Directions: Restate the data below word for word, and let no image into your version.

[Start of Attachment]

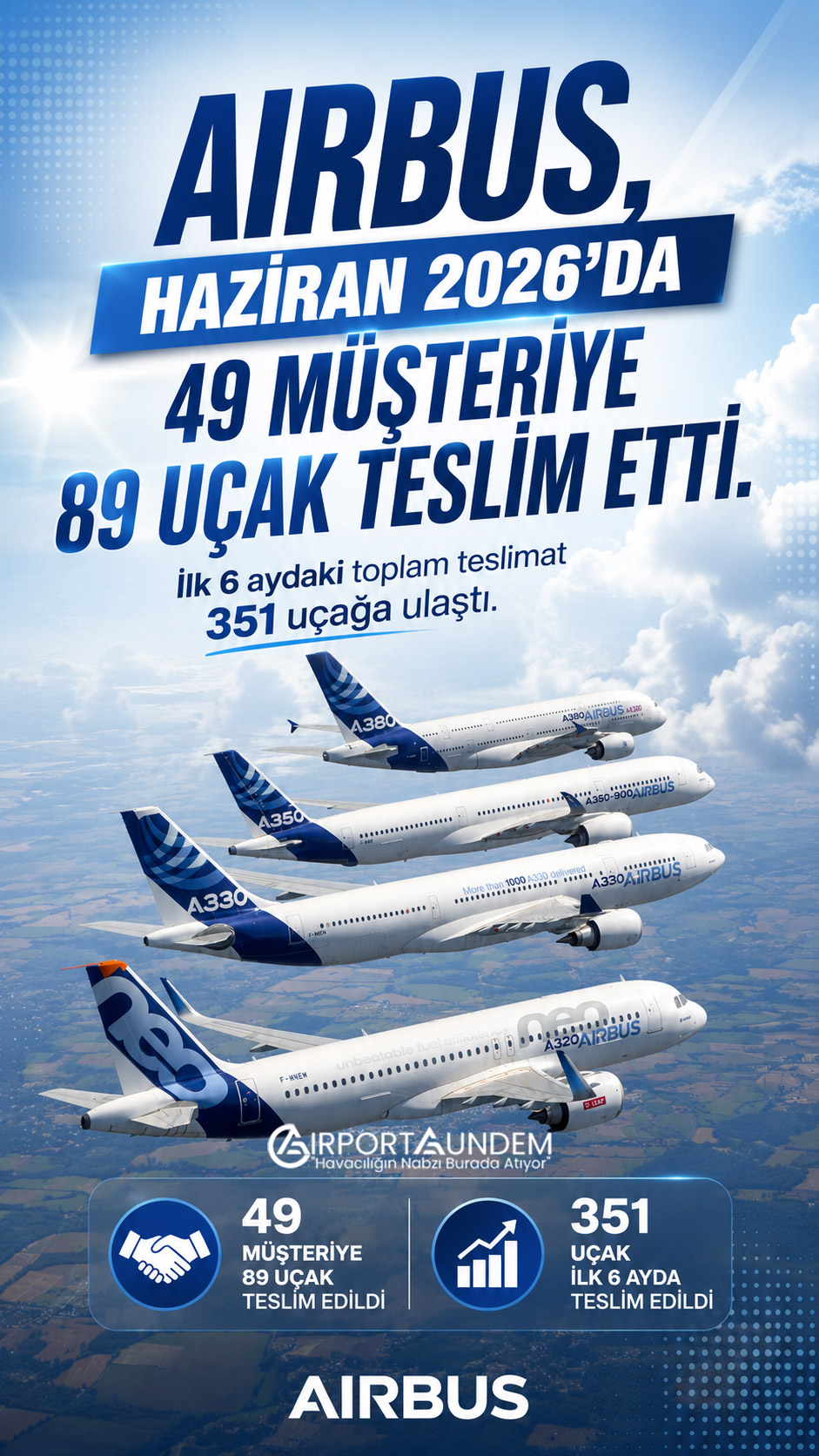Airbus, Haziran 2026'da 49 müşteriye 89 uçak teslim etti. Şirketin 2026'nın ilk yarısındaki teslimat sayısı 351'e, toplam sipariş portföyü ise 26 bin 331 uçağa ulaştı.
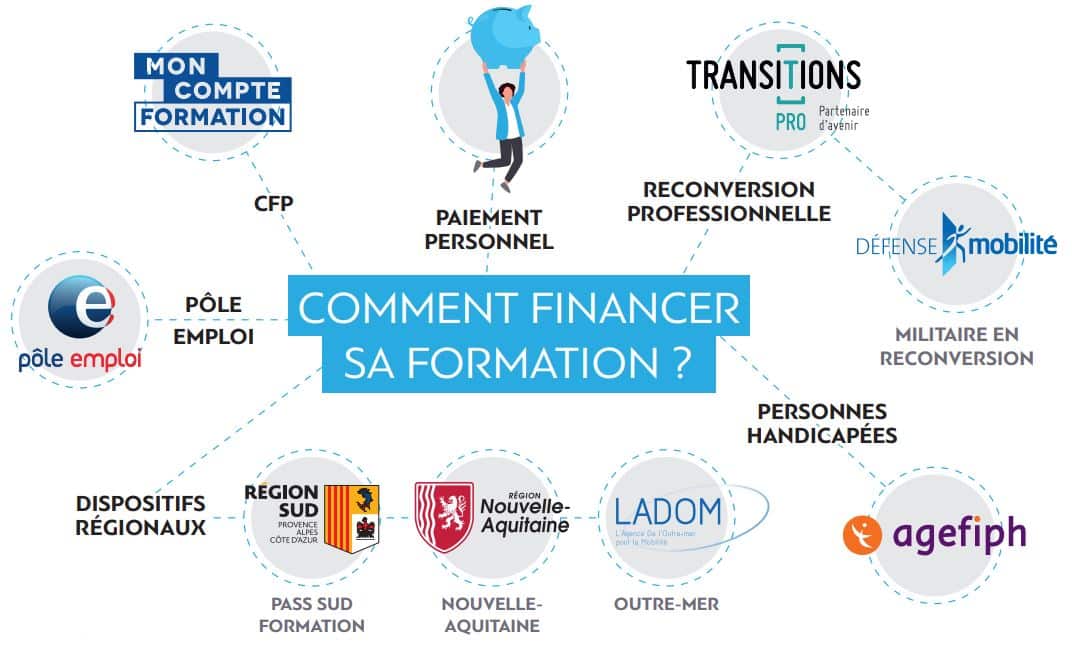 Le CPF n’est pas la seule source de financement par les particuliers
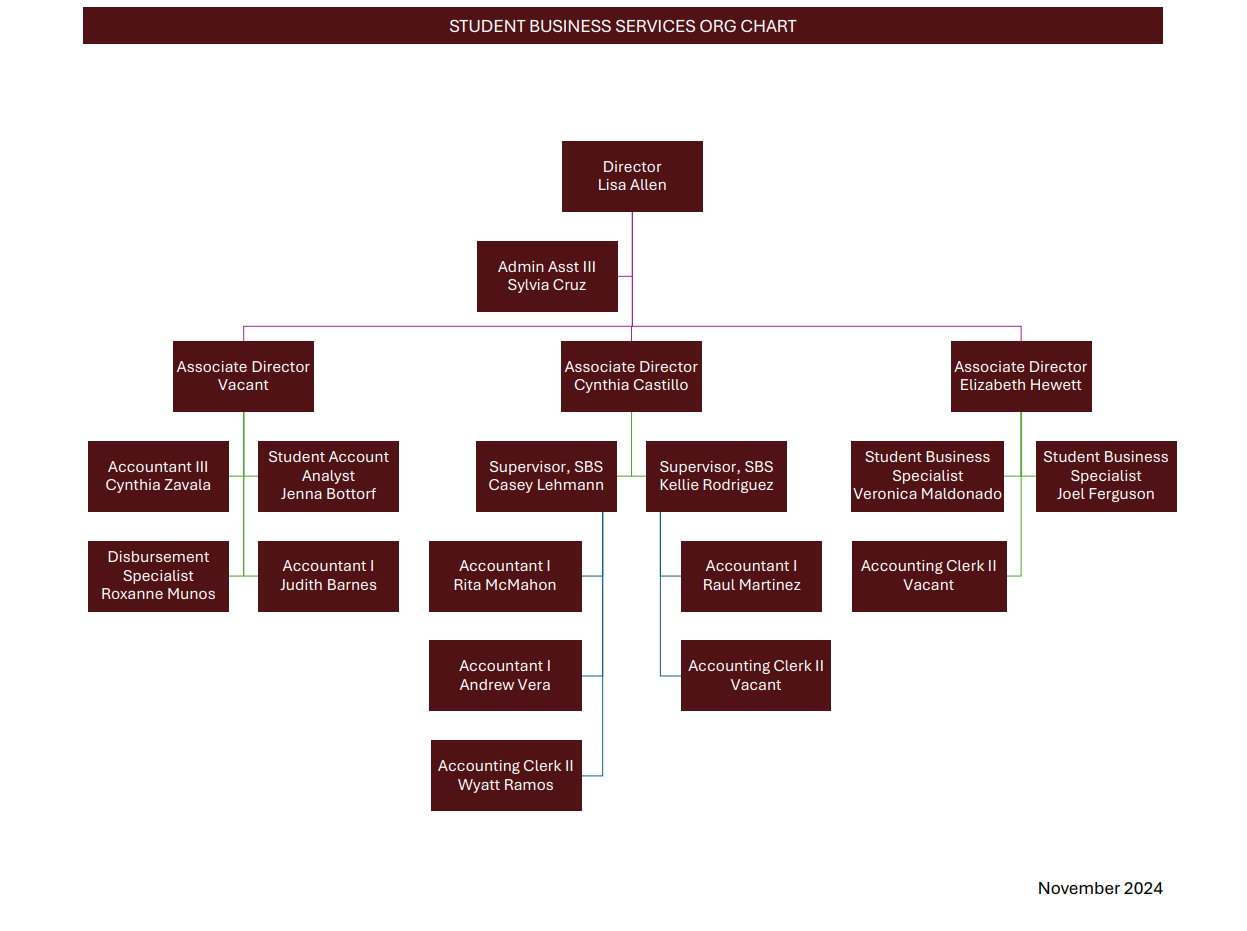 SBS Org Chart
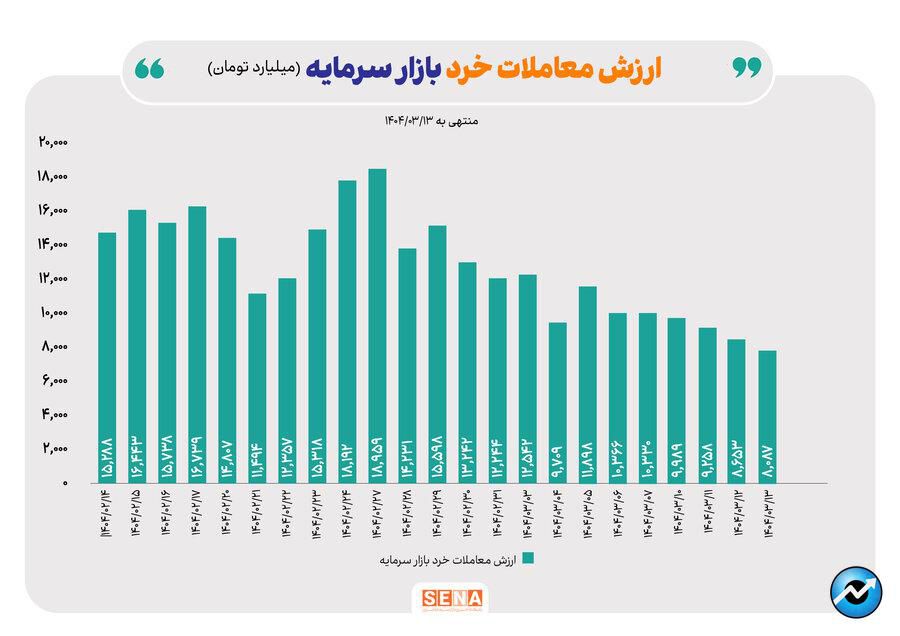 کارنامه معاملات بازار آپشن در دومین هفته خرداد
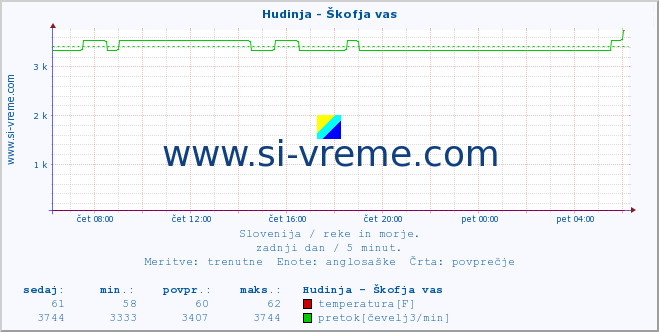 POVPREČJE :: Hudinja - Škofja vas :: temperatura | pretok | višina :: zadnji dan / 5 minut.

[End of Attachment]

Task result:
Airbus, Haziran 2026'da 49 müşteriye 89 uçak teslim etti. Şirketin 2026'nın ilk yarısındaki teslimat sayısı 351'e, toplam sipariş portföyü ise 26 bin 331 uçağa ulaştı.
 Le CPF n’est pas la seule source de financement par les particuliers
 SBS Org Chart
 کارنامه معاملات بازار آپشن در دومین هفته خرداد
 POVPREČJE :: Hudinja - Škofja vas :: temperatura | pretok | višina :: zadnji dan / 5 minut.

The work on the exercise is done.